# Weekend wore me out!



## JohnT (Jun 23, 2014)

This was a perfect weekend! The weather was nice and I spent most of it outside, cooking, and sipping wine. My grocey bill for this weekend was about $220. Sounds like a lot, but here is what we had..

*Friday night {first three pictures}* - (cooked for my wife and my niece Irena)- Romane, acacado, and strawberry salad in a basalmic vinegrette, bacon wrapped pork tenderloin, rice pilaf, sweet corn (rather small and pathetic). Everything done on the grill (even the rice). Note the juices as the tenderloin rests and the pinkish hue after I cut it. Came out perfect!Man, was that good!




*Saturday Night {The next four pictures}*- During last year's fall crush, My niece's (Nadia) boyfriend was such a big help that I promised him a special meal. Saturday was the day that I paid up. When asked, he could not decide if he wanted seafood or steak. My suggestion was "why not have both"? Not surprisingly, he agreed... They came at 2pm and stayed until around midnight.

*Appetizer:* Fresh tomato bruschetta (diced tomatoes, green onions, with olive oil, balsamic vinegar, salt, pepper, and a S%^T load of fresh chopped basil (harvested from my deck). We eat this "salsa style" spooning it out of a bowl and onto thin, mouth sized slices of fresh crusty bread. 

*First course:* A soup/stew... in a case iron pot (on the grill) I sautéed onion, celery, bell pepper, and smoke Cajun sausage in a little bit of olive oil. when soft, I added 2/3 of a bottle of white wine, 2 cups of chicken stock, and some thyme (again, cut right from my deck garden). let that come to a full boil and continue to cook for about 15 minutes. I then added a 50 count bag of little neck clams and continued to cook for 5 minutes. I then stirred in a 1/2 pound of jumbo shrimp, and continued to cook for another 3 minutes. Served in a bowl with plenty of crusty bread to help sop up all of that lovely broth. was yummy!

*Entrée:* 2" thick Filet Mignon (bacon wrapped) and 6oz lobster tail cooked on the grill. served with dirty rice. First time ever grilling a lobster tail and MAN, was that good. The filet may seem burnt, but it was not. The bacon gives the filet (a very lean cut) a buttery flavor and a nice dark bark (on the outside).

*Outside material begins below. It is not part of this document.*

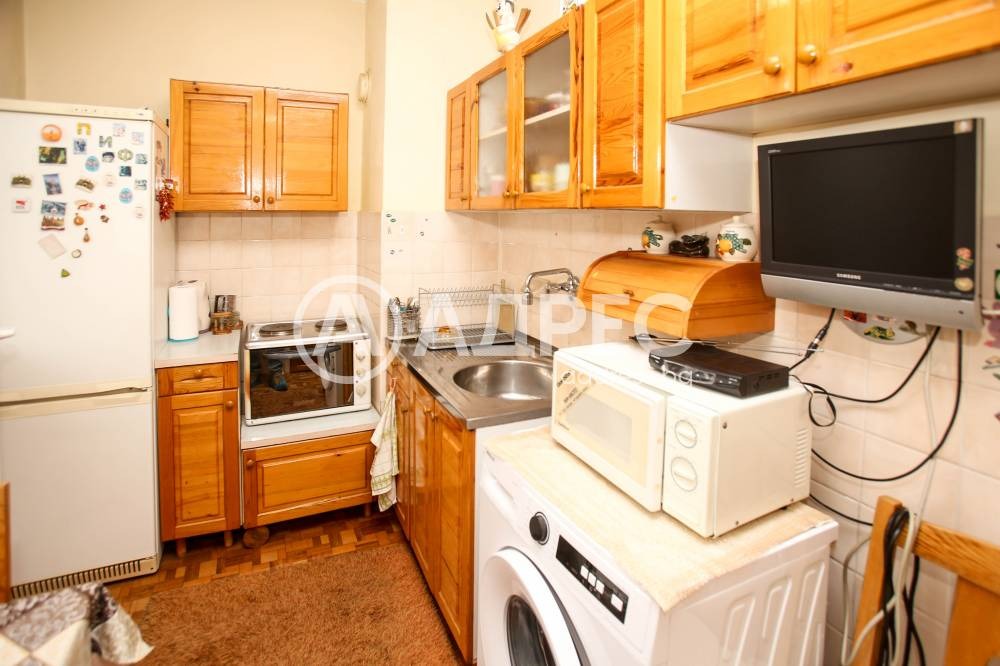 Продава 2-СТАЕН, гр. София, Борово, снимка 9 - Апартаменти - 53629489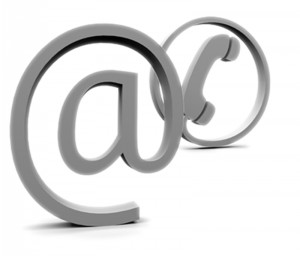 contact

*Dessert*: A blueberry/strawberry crustad with crème anglais. Made from scratch right down to the crust.



*Sunday:* The family gathered at my folk's house (they have an in ground pool and TWO bbq grills). There were 15 of us. We ate, swam, and played bocci ball. I cooked again (in honor of my mother's birthday this Thursday). (sorry, I was too busy to take pictures). What a great time!

We had simple grilled London broil (two of them), baked potatoes done on the top rack of the grill, a large pork tenderloin, a goat cheese salad, Mac and cheese (for the kids), and mushroom/onion kababs.

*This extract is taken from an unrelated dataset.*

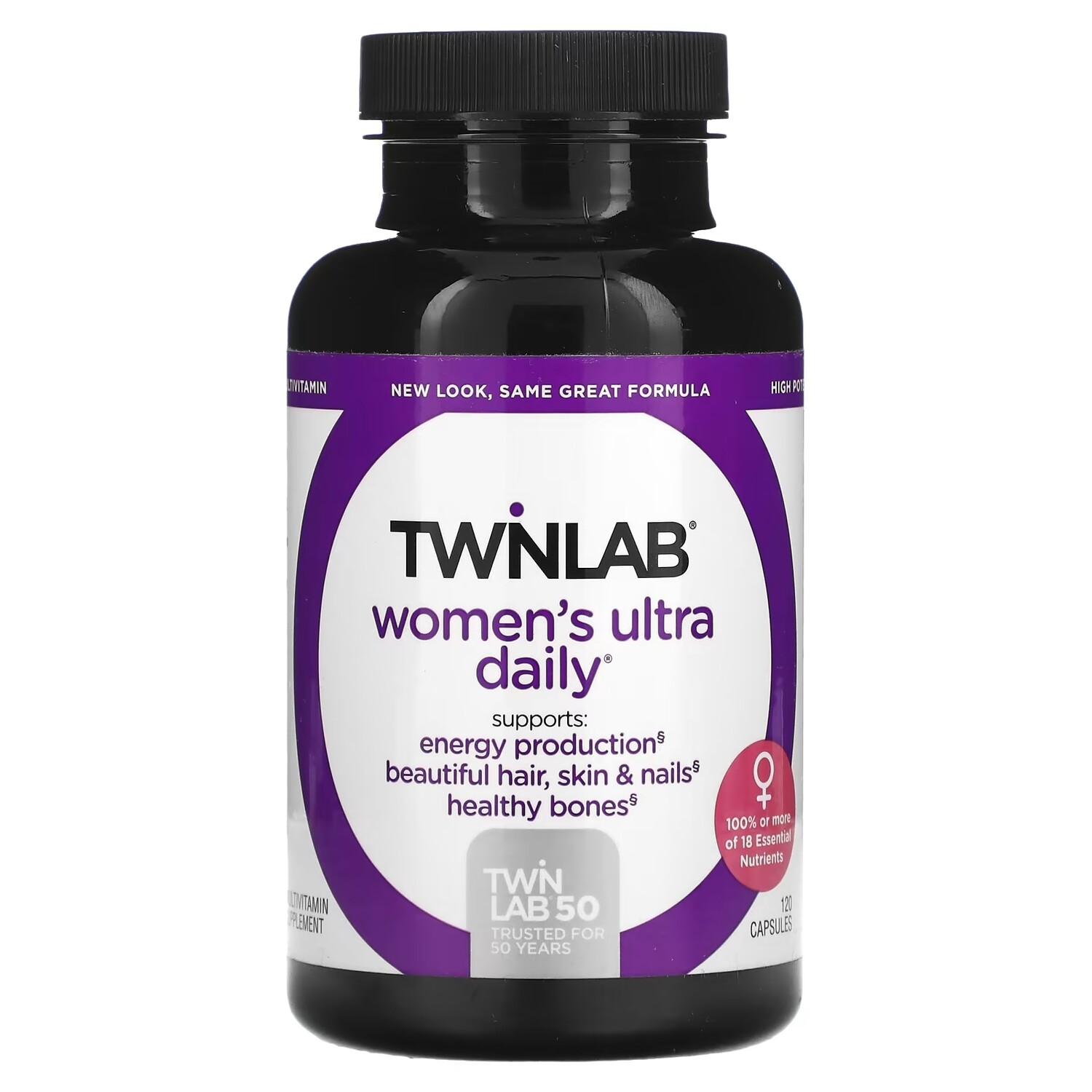 Twinlab Men S Ultra Daily Купить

I made the most of this weekend. Slept solidly on sunday night and I was actually smiling on the way into work!


----------



## bkisel (Jun 23, 2014)

Just taking the pictures and writing the post would have worn me out!


----------



## Kraffty (Jun 23, 2014)

John, I consider myself an excellent cook but your menus and pictures of the finished food just blow me away. You have some very lucky family members.
Mike


----------



## JohnT (Jun 24, 2014)

Kraffty said:


> John, I consider myself an excellent cook but your menus and pictures of the finished food just blow me away. You have some very lucky family members.
> Mike


 
Thanks for the kind words Kraffty. The first three pictures were taken by me (cell phone) and are not nearly as good as the last four pictures (taken by my niece). 

My niece has an eye! She should really go back to school and become a photo journalist.


----------



## Elmer (Jun 24, 2014)

Next time I pass through Jersey I am stopping in for a bite!

Who eats better than John?

No-one, that's who!


----------



## JohnT (Jun 24, 2014)

Elmer said:


> Next time I pass through Jersey I am stopping in for a bite!
> 
> Who eats better than John?
> 
> No-one, that's who!


 

You are welcome any time!


----------